§ WHAT THIS TASK INVOLVES: Restate word for word the run of lines that begins at the one containing "Navy Blue Masonic" and ends at the last line of the listing.

§ MATERIAL PROVIDED:
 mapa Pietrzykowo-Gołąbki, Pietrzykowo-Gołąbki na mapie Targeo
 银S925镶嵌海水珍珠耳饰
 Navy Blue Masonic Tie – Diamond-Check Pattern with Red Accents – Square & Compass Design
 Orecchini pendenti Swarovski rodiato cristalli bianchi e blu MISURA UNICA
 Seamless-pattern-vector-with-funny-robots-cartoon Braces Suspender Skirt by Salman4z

§ EXERCISE RESPONSE:
 Navy Blue Masonic Tie – Diamond-Check Pattern with Red Accents – Square & Compass Design
 Orecchini pendenti Swarovski rodiato cristalli bianchi e blu MISURA UNICA
 Seamless-pattern-vector-with-funny-robots-cartoon Braces Suspender Skirt by Salman4z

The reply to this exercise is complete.